8 For, ask I pray thee of a former generation, And prepare to a search of their fathers, 9 (For of yesterday we 'are', and we know not, For a shadow 'are' our days on earth.) 10 Do they not shew thee—speak to thee, And from their heart bring forth words? 11 'Doth a rush wise without mire? A reed increase without water? 12 While it 'is' in its budding—uncropt, Even before any herb it withereth. 13 So 'are' the paths of all forgetting God, And the hope of the profane doth perish, 14 Whose confidence is loathsome, And the house of a spider his trust. 15 He leaneth on his house—and it standeth not: He taketh hold on it—and it abideth not. 16 Green he 'is' before the sun, And over his garden his branch goeth out. 17 By a heap his roots are wrapped, A house of stones he looketh for. 18 If 'one' doth destroy him from his place, Then it hath feigned concerning him, I have not seen thee! 19 Lo, this 'is' the joy of his way, And from the dust others spring up.'

Matthew Henry's Commentary on Job 8:8-19

Commentary on Job 8:8-19

(Read Job 8:8-19)

Bildad discourses well of hypocrites and evil-doers, and the fatal end of all their hopes and joys. He proves this truth of the destruction of the hopes and joys of hypocrites, by an appeal to former times. Bildad refers to the testimony of the ancients. Those teach best that utter words out of their heart, that speak from an experience of spiritual and divine things. A rush growing in fenny ground, looking very green, but withering in dry weather, represents the hypocrite's profession, which is maintained only in times of prosperity.
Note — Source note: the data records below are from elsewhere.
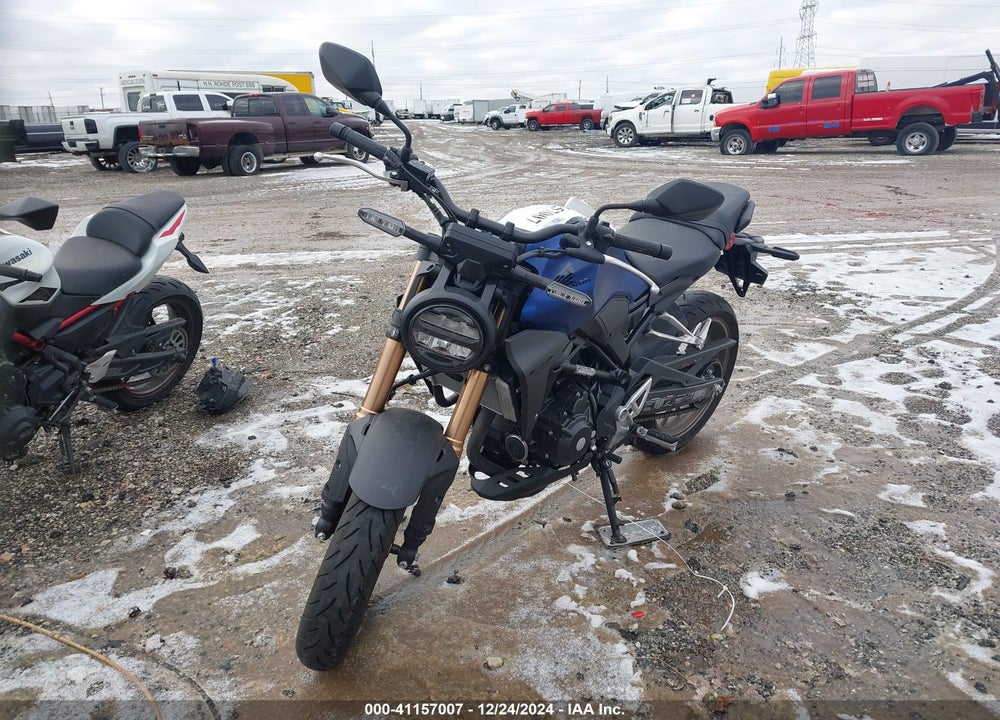 2021 HONDA CBF300 NA VIN: MLHNC5559M5100571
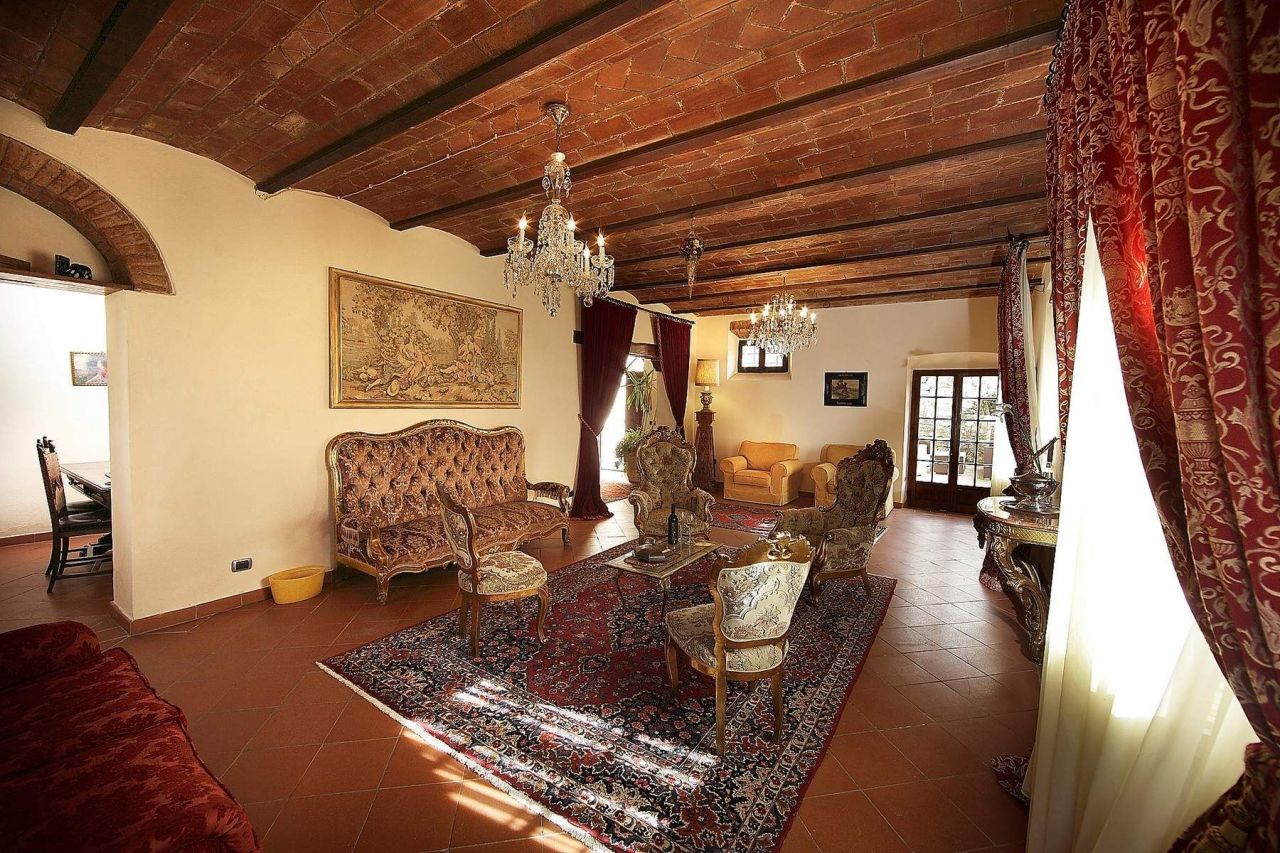 Дом в Кьянти, Италия, 4 000 м2 - фото 1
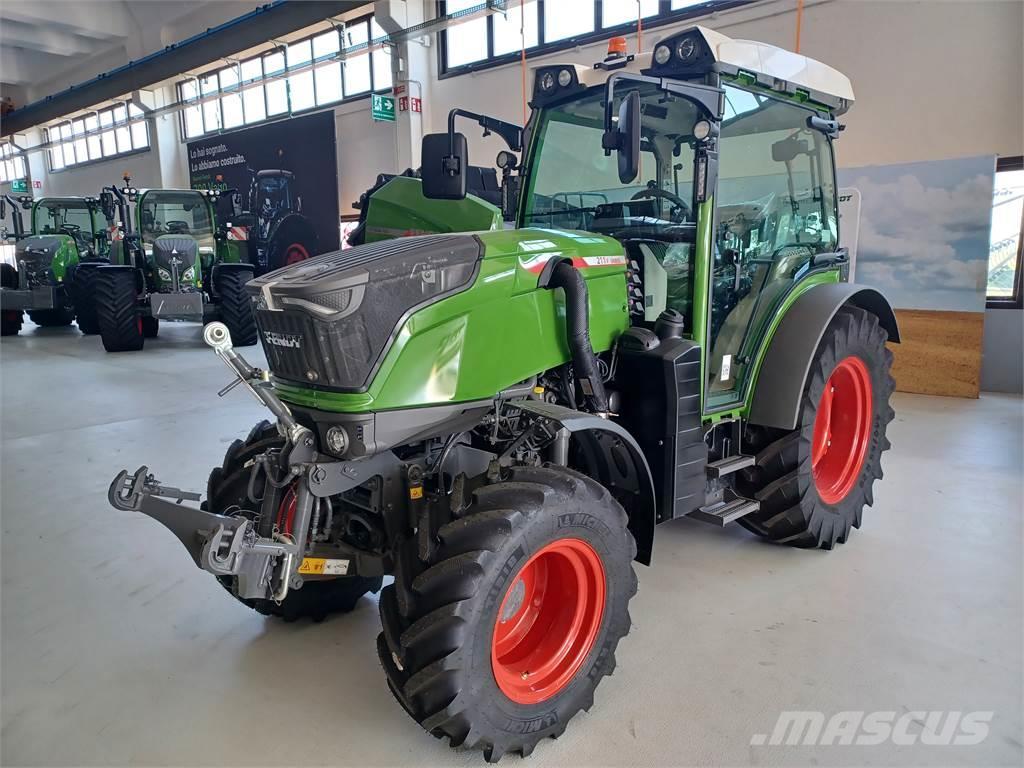 Fendt 211F Tractores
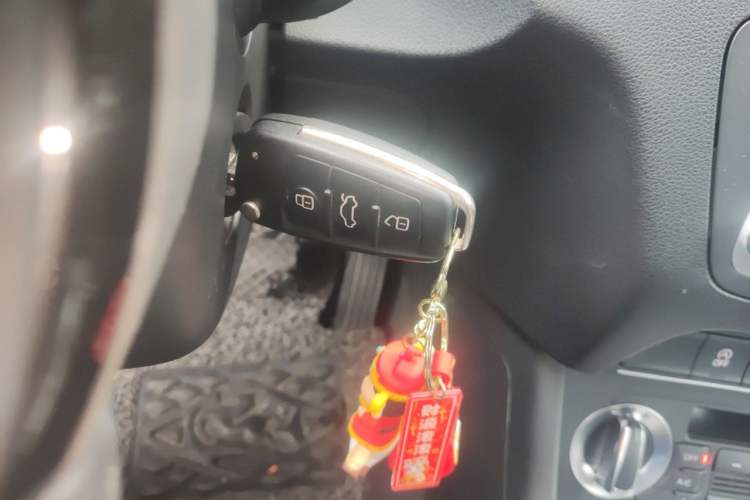 Used Audi Q3 2015 30 TFSI Ambition Edition Vehicle Key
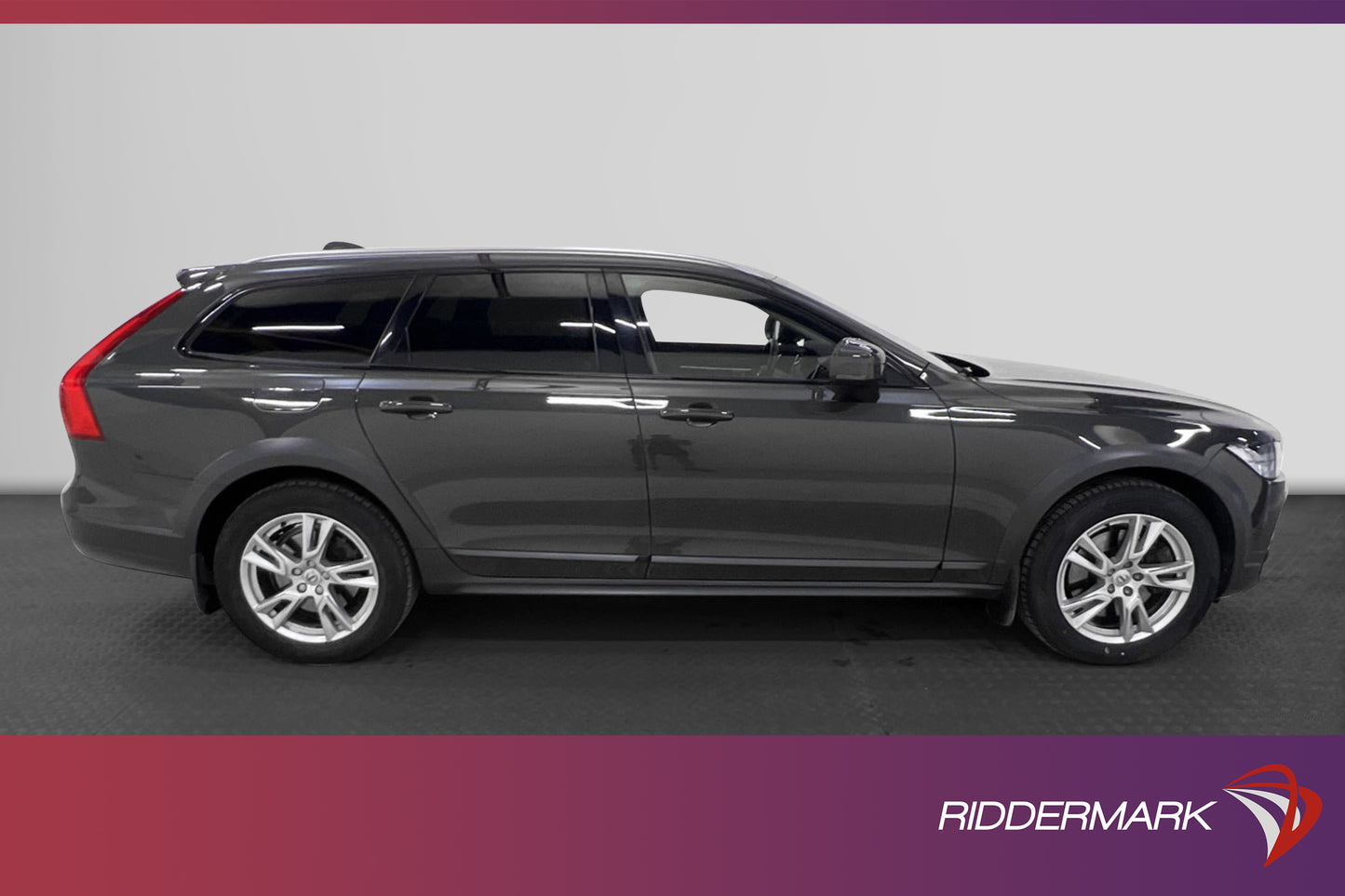 Volvo V90 Cross Country D4 AWD Momentum B-kamera Skinn Navi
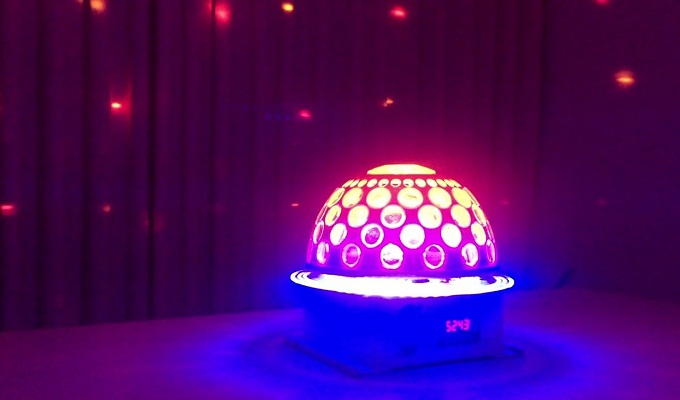 đ&egrave;n led laser l&agrave; g&igrave;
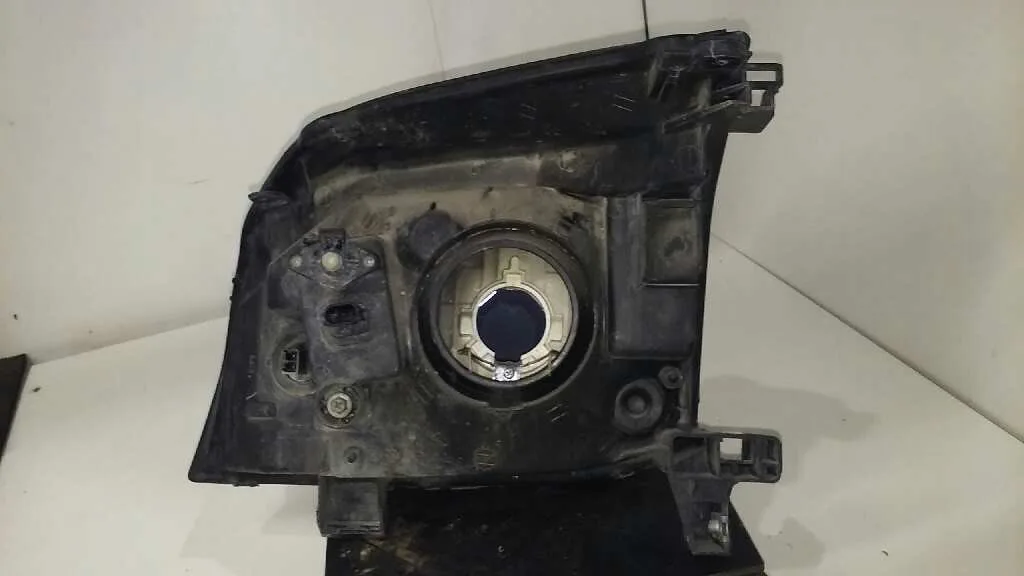Faro Derecho para Nissan X-Trail (T30)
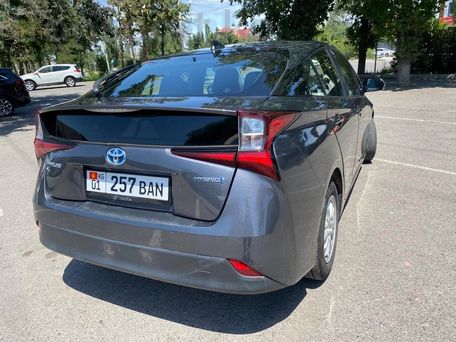 Toyota Prius, 2019 — фото 4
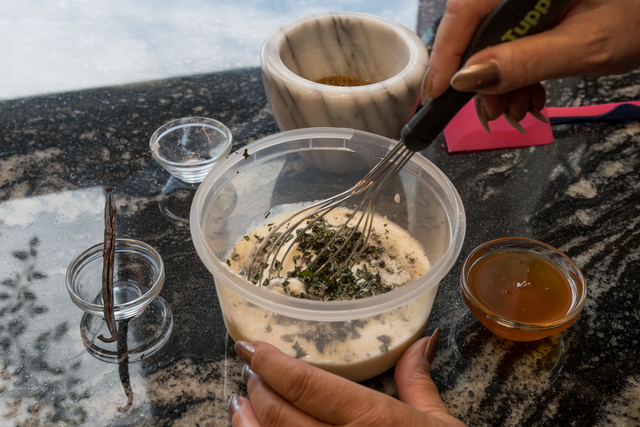 Sabinas Kochstudio - Erdbeer-Kartoffel-Knödel mit Überraschungen | Foto: FSeventfoto
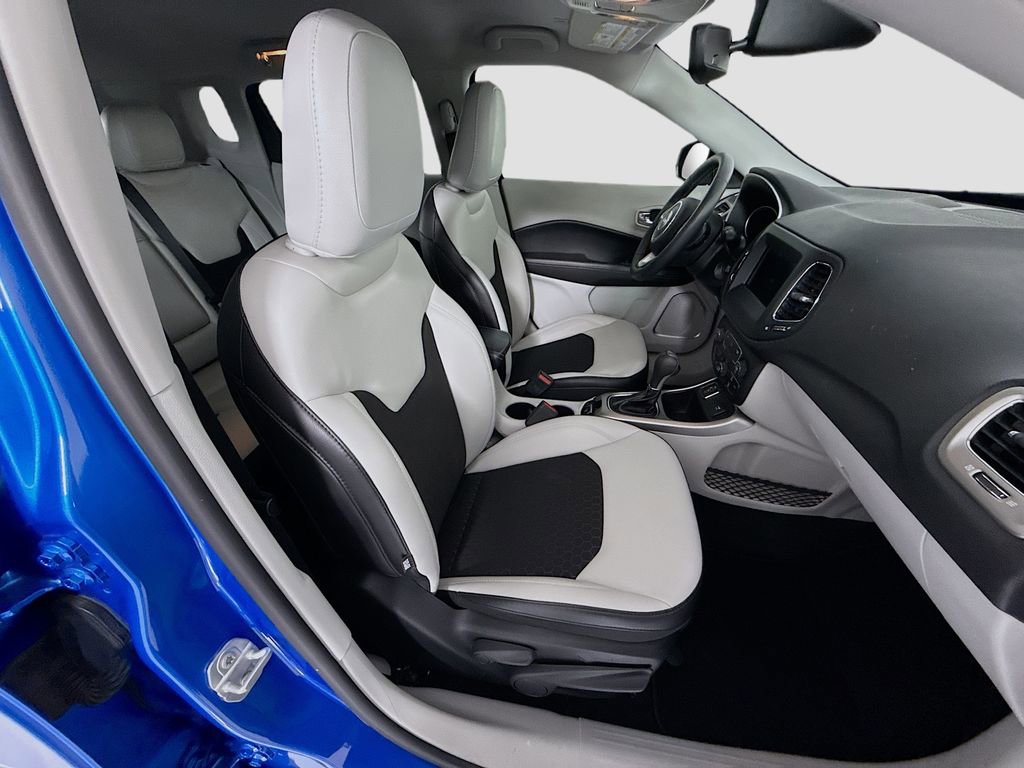 Used 2019 Jeep Compass Latitude w/ Popular Equipment Group image 20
The spider's web, spun with great skill, but easily swept away, represents a man's pretensions to religion when without the grace of God in his heart. A formal professor flatters himself in his own eyes, doubts not of his salvation, is secure, and cheats the world with his vain confidences. The flourishing of the tree, planted in the garden, striking root to the rock, yet after a time cut down and thrown aside, represents wicked men, when most firmly established, suddenly thrown down and forgotten. This doctrine of the vanity of a hypocrite's confidence, or the prosperity of a wicked man, is sound; but it was not applicable to the case of Job, if confined to the present world.